▶ [YOUR TASK]
In the entries below, find the line with "ein Wohnzimmer mit" and the line with "Ein Grillbereich mit". Print those two and everything between them exactly, and nothing else.

▶ [GIVEN RECORDS]
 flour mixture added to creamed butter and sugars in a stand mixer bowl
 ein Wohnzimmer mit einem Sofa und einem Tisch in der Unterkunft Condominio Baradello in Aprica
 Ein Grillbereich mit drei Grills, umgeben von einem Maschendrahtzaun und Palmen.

==

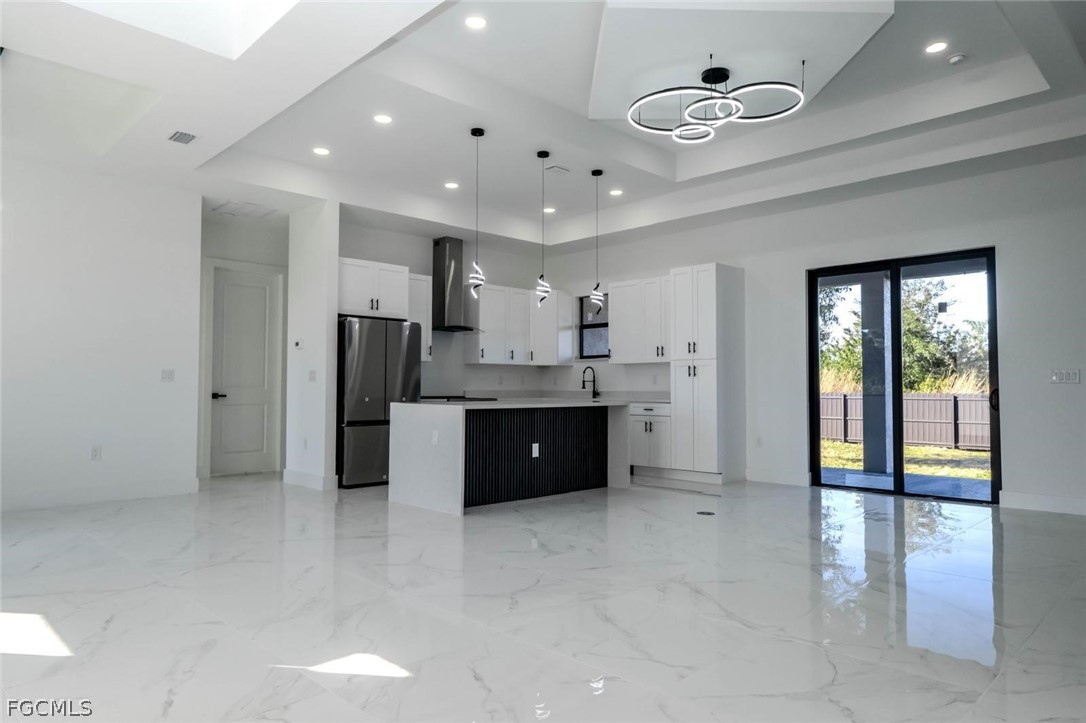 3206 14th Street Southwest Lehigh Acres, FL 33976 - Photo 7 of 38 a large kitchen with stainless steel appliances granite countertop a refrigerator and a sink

▶ [ANSWER SECTION]
 ein Wohnzimmer mit einem Sofa und einem Tisch in der Unterkunft Condominio Baradello in Aprica
 Ein Grillbereich mit drei Grills, umgeben von einem Maschendrahtzaun und Palmen.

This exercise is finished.